Wie sehr Labour nach wie vor an die heilenden Kräfte des freien Marktes glaubt, zeigt der Konflikt um die Modernisierung der Londoner Untergrundbahn. Der aus der Labour-Partei ausgeschlossene Bürgermeister von London, Ken Livingstone, streitet sich seit seinem Amtsantritt vor einem Jahr mit der Regierung über die geplante Public Private Partnership (PPP). In deren Rahmen sollen die Schienen- und Signalanlagen sowie die U-Bahnhöfe für 30 Jahre an Privatfirmen verpachtet werden, der Zugbetrieb hingegen soll in öffentlicher Hand bleiben.

Livingstone argumentierte dagegen, dass die privaten Unternehmen hauptsächlich daran interessiert seien, die in bester Lage befindlichen U-Bahn-Stationen in Einkaufszentren zu verwandeln, während für sie die Sicherheit der Fahrgäste zweitrangig sei.

Kurz vorm Beginn des Wahlkampfes hat Blair sich mit Livingstones Verkehrsbeauftragten Bob Kiley, einem erklärten Gegner der Teilprivatisierung, geeinigt. Kiley leitet nun die Verhandlungen mit den Bietern um die Pachtverträge und erhält die »volle Management-Kontrolle« über alle U-Bahn-Bereiche.

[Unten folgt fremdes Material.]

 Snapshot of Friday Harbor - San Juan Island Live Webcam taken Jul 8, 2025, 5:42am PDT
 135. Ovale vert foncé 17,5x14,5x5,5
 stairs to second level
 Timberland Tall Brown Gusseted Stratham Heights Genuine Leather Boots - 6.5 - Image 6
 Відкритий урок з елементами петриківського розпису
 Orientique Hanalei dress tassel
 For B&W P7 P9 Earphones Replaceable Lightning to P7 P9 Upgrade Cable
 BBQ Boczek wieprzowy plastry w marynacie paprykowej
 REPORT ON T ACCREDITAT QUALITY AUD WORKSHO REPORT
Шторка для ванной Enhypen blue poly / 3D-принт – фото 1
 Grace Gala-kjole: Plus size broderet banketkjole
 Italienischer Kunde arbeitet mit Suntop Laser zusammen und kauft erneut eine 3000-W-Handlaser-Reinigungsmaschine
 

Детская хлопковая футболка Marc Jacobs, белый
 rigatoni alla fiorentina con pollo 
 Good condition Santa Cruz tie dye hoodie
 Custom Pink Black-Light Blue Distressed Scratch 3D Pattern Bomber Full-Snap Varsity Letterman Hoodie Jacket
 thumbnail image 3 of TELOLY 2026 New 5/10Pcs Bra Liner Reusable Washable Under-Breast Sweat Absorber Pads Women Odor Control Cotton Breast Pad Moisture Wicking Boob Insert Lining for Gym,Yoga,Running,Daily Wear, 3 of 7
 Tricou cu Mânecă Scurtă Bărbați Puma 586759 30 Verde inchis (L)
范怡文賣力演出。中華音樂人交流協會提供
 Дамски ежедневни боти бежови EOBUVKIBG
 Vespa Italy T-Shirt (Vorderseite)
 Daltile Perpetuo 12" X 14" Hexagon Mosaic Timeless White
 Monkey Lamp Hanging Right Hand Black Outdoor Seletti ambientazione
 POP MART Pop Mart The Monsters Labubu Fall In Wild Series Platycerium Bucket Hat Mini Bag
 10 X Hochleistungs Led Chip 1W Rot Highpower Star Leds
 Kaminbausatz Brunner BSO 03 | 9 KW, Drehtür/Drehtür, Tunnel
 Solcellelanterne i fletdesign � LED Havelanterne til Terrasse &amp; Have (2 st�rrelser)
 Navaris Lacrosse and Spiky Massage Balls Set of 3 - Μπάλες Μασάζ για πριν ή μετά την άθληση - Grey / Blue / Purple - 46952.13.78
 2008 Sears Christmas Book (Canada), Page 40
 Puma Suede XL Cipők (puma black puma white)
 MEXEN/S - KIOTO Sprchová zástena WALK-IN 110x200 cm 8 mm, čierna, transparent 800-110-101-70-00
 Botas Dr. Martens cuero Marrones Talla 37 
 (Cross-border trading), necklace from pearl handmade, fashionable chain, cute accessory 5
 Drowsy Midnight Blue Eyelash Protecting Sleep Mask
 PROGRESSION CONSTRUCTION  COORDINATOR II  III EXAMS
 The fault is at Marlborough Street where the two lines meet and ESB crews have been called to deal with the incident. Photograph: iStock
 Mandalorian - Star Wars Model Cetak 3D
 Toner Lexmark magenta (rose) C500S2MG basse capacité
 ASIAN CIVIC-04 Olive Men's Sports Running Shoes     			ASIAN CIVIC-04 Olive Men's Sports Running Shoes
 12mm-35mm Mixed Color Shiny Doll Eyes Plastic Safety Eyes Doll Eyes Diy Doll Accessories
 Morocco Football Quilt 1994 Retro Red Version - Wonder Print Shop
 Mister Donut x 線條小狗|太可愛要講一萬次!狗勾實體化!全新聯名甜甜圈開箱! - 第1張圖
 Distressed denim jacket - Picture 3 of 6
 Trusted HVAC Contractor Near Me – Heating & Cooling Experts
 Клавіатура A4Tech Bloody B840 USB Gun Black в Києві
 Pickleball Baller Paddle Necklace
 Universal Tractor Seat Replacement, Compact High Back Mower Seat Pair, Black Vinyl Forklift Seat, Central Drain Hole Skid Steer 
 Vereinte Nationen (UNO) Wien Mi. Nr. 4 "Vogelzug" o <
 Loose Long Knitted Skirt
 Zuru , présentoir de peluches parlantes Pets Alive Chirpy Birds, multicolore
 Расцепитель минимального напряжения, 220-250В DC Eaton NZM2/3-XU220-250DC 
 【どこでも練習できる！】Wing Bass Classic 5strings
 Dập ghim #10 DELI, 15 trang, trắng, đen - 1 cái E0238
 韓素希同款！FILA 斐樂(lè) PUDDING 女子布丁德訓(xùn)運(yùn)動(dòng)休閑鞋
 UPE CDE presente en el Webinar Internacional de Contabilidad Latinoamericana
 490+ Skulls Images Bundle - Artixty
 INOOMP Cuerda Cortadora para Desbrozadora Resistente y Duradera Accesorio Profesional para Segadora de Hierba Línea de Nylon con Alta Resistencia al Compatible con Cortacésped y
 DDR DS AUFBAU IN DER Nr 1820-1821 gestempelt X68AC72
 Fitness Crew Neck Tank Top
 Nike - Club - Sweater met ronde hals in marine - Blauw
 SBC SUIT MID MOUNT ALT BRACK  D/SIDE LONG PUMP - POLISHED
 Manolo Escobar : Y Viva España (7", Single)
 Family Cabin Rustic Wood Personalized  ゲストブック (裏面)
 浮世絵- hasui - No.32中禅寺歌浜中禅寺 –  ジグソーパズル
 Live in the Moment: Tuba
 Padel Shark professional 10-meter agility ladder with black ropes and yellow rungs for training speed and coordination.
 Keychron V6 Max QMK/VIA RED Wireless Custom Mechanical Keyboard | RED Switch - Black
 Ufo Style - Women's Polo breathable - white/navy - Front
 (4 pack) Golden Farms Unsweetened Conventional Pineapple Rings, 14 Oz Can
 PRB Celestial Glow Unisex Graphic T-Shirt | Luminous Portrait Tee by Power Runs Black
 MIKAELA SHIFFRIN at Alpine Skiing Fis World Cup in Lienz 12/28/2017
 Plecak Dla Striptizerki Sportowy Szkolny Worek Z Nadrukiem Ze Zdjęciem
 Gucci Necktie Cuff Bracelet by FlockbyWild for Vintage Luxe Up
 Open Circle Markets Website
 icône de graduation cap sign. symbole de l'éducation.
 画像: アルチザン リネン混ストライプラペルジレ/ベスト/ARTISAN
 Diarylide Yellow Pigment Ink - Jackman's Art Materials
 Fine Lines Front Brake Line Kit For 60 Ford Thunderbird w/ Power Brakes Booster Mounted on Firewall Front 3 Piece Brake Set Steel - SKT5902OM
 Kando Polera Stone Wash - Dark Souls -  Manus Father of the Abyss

Damit hat Blair zwar das kontrovers diskutierte Thema, das sich zum Fiasko für Labour entwickelt hatte, aus den Schlagzeilen bekommen. Kiley könnte Blairs Befriedungsplan jedoch einfach platzen lassen: »Wir werden in wenigen Wochen wissen, ob wir einen Fortschritt gemacht haben.« Sollten die Verhandlungen nicht zu den gewünschten Ergebnissen führen, kündigte er gerichtliche Schritte gegen die Regierung an. Aber erst nach den Wahlen.